Multi-sample non-negative spatial factorization.

作者信息

Wang Yi, Woyshner Kyla, Sriworarat Chaichontat, Stein-O'Brien Genevieve, Goff Loyal A, Hansen Kasper D

机构信息

Department of Biostatistics, Johns Hopkins Bloomberg School of Public Health.

Department of Genetic Medicine, Johns Hopkins School of Medicine.

出版信息

bioRxiv. 2024 Nov 27:2024.07.01.599554. doi: 10.1101/2024.07.01.599554.

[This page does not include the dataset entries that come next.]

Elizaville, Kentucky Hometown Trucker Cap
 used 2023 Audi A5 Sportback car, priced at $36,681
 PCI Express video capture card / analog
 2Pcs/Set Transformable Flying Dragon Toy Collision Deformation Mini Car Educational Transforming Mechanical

DOI:10.1101/2024.07.01.599554
PMID:39005356
原文链接:https://pmc.ncbi.nlm.nih.gov/articles/PMC11244884/
Abstract

Analyzing multi-sample spatial transcriptomics data requires accounting for biological variation. We present multi-sample non-negative spatial factorization (mNSF), an alignment-free framework extending single-sample spatial factorization (NSF) to multi-sample datasets. mNSF incorporates sample-specific spatial correlation modeling and extracts low-dimensional data representations. Through simulations and real data analysis, we demonstrate mNSF's efficacy in identifying true factors, shared anatomical regions, and region-specific biological functions. mNSF's performance is comparable to alignment-based methods when alignment is feasible, while enabling analysis in scenarios where spatial alignment is unfeasible. mNSF shows promise as a robust method for analyzing spatially resolved transcriptomics data across multiple samples.

摘要

分析多样本空间转录组学数据需要考虑生物学变异。我们提出了多样本非负空间因子分解(mNSF),这是一个无比对框架,将单样本空间因子分解(NSF)扩展到多样本数据集。mNSF纳入了样本特异性空间相关性建模,并提取低维数据表示。通过模拟和实际数据分析,我们证明了mNSF在识别真实因子、共享解剖区域和区域特异性生物学功能方面的有效性。在可行比对的情况下,mNSF的性能与基于比对的方法相当,同时能够在空间比对不可行的情况下进行分析。mNSF有望成为一种强大的方法,用于分析多个样本的空间分辨转录组学数据。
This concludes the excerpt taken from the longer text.